__Work item__
Your job is to give again, exactly and with no additions, the lines in the records below from the one with "You can check" through the one with "One more time.", both included. Omit the pictures.
==== Data provided ====
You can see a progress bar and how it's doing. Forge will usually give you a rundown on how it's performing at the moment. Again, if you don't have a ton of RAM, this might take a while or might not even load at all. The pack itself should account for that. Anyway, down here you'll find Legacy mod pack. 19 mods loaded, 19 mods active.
====
==== Data provided ====
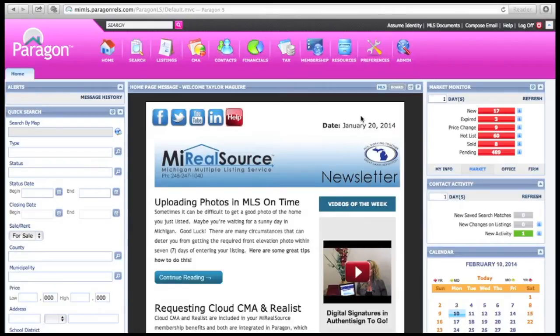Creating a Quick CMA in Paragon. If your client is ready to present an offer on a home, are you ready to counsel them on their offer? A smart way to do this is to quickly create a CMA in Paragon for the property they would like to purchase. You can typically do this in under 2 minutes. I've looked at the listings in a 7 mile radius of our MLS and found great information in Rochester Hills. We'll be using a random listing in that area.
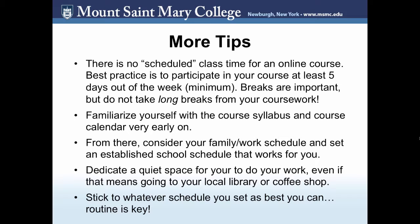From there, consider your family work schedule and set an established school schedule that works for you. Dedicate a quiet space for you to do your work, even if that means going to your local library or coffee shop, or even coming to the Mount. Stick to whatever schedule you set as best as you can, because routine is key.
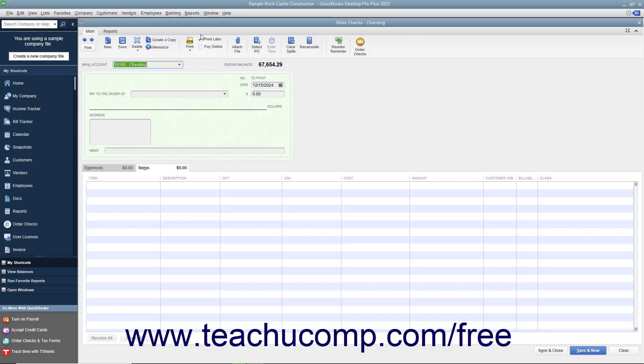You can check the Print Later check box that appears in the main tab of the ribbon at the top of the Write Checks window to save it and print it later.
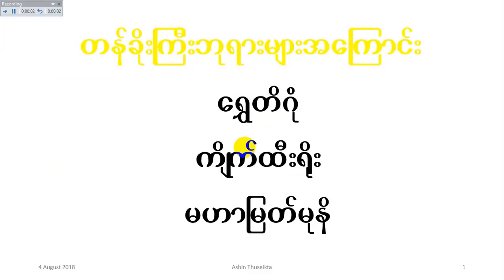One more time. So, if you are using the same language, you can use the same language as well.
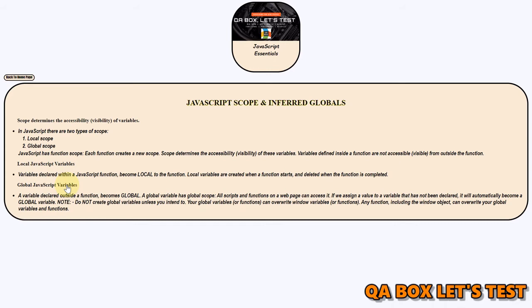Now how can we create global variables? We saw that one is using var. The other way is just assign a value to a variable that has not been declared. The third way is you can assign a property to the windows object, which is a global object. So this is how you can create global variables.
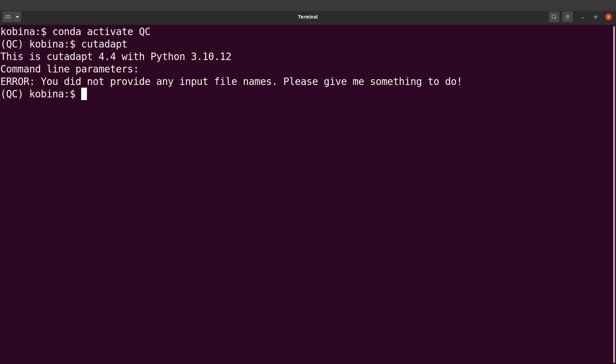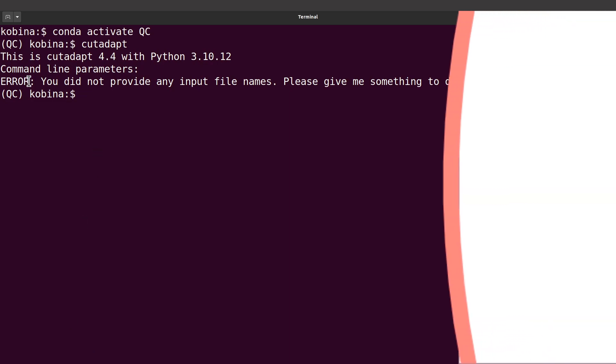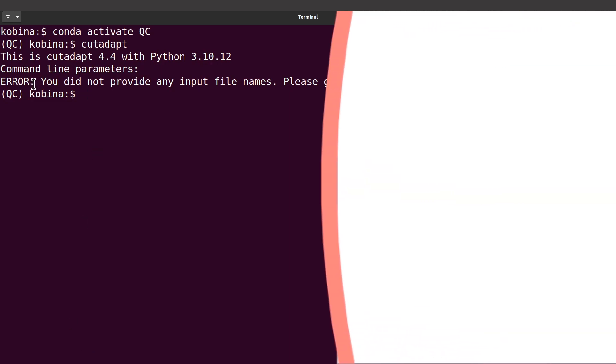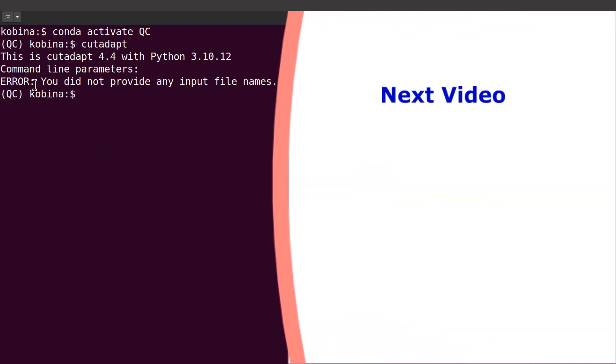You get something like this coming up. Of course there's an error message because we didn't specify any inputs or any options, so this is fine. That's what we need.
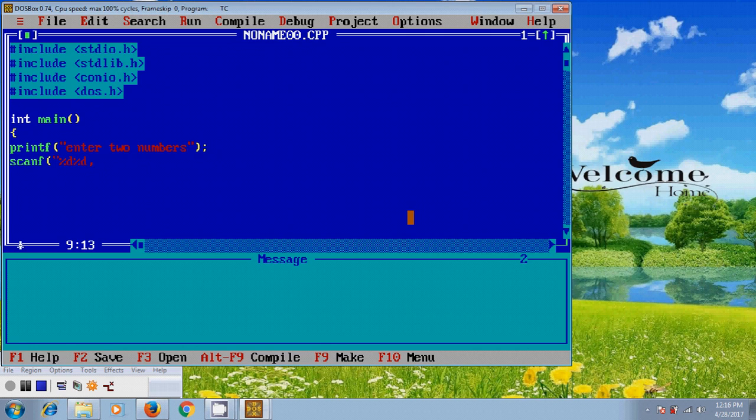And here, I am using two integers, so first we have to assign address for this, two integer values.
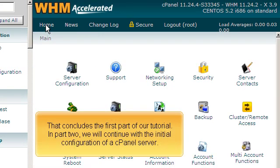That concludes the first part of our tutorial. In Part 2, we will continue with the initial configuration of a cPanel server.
====
__Exercise result__
You can check the Print Later check box that appears in the main tab of the ribbon at the top of the Write Checks window to save it and print it later.
One more time. So, if you are using the same language, you can use the same language as well.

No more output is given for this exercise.